16 and 17 November 2021
During an inspection looking at part of the service
Our rating of this location stayed the same. We rated it as inadequate because:
- Staff did not always understand how to protect patients from abuse. There was not a robust system and process in place for the appropriate and timely referral of safeguarding concerns.
- The service did not always control infection risk well, the premises and equipment were not always visibly clean, and some policies were still not fully reflective of the service and it was unclear what monitoring processes had been implemented. The design, maintenance and use of equipment did not always keep people safe.
- The design, maintenance and use of equipment and premises did not always keep people safe.
- There was limited assurance that there were robust systems and processes in place for the appropriate and timely referral, triage and escalation of patient care. There was limited evidence that the risk to patients and staff during care and treatment had been considered and mitigating actions identified.
- Records were not always stored securely and easily available to all staff providing care.
- The service did not always manage patient safety incidents well. Staff did not always recognise and report incidents and near misses. Managers did not always investigate incidents or shared lessons learned with the whole team and the wider service.
- There remained concerns about the competency and recruitment checks for agency staff.
- We had concerns raised with us from patients that it was not easy to contact the provider and raise complaints.
- Whilst steps had been taken to strengthen the leadership structure, leaders did not all have the skills and abilities to run the service. The service was receiving support from external agencies to fulfil leadership roles and there was not a robust process in place to ensure sustained long-term effective leadership capacity and capability to assess, monitor and improve the quality and safety of services provided.
- Leaders did not operate effective governance processes, throughout the service and so staff at all levels could not be clear about their roles and accountabilities.
- Whilst some improvements had been made to systems and processes in relation to the management of risks, issues and performance. There was not a robust system and process in place to assess and monitor the improvements that had been implemented and risk management processes were not robust.
However:
- The service provided care and treatment based on national guidance and evidence-based practice. Improvements had been made to quality assurance processes and the service had implemented an audit schedule.
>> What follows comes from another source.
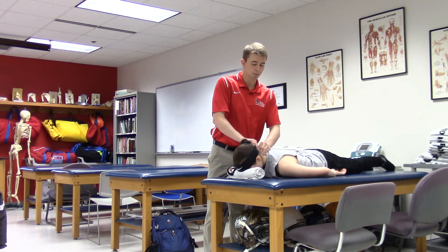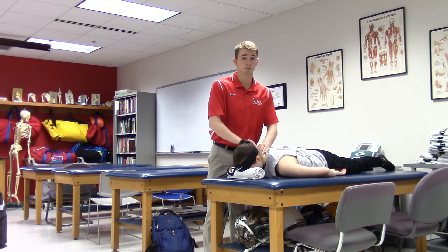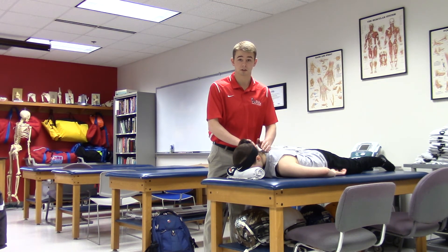If there's any hypermobility, that could be a positive sign for a ligamentous sprain. If it's hypomobility, then that could be a positive sign for muscle tightness or muscular spasms.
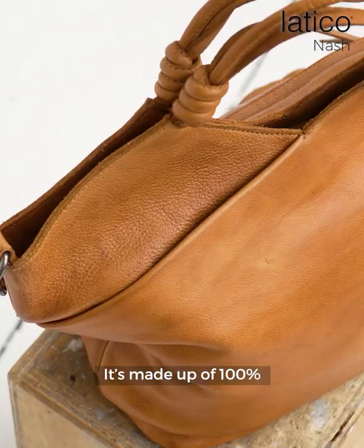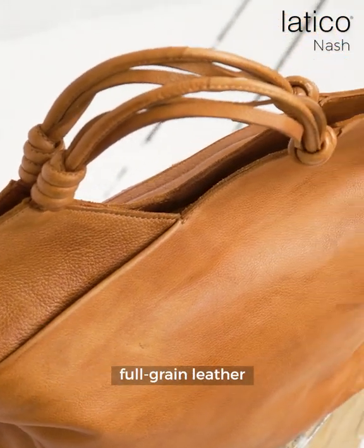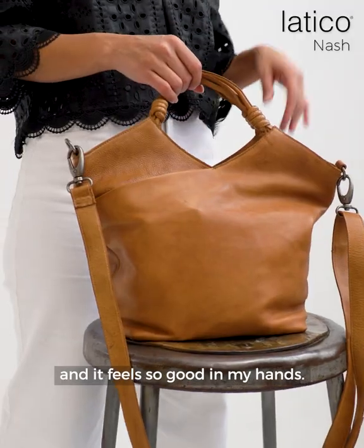I want to show you guys the Nash bag. It's made of 100% full grain leather, and it feels so good in my hands.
- The service made sure staff were competent for their roles. Improvements had been made to the appraisal process for staff and there were plans to hold supervision meetings with them to provide support and development.
- Consent documentation for intimate ultrasound examinations had been updated to meet national guidance and the policy had been updated to reflect this.
- There was a process for people to give feedback and raise concerns about care received. The service investigated complaints and included patients. Improvements had been made to the process to evidence lessons learnt and share them with all staff.
- The service recognised that work to improve the culture in the organisation was required but had not progressed since the last inspection. Leaders we spoke with felt valued and supported in their roles.
- Some improvements had been made to policies and monitoring processes.
Following our inspection, we took enforcement action under section 29 in which we issued two warning notices, due to risks identified with safe care and treatment and good governance.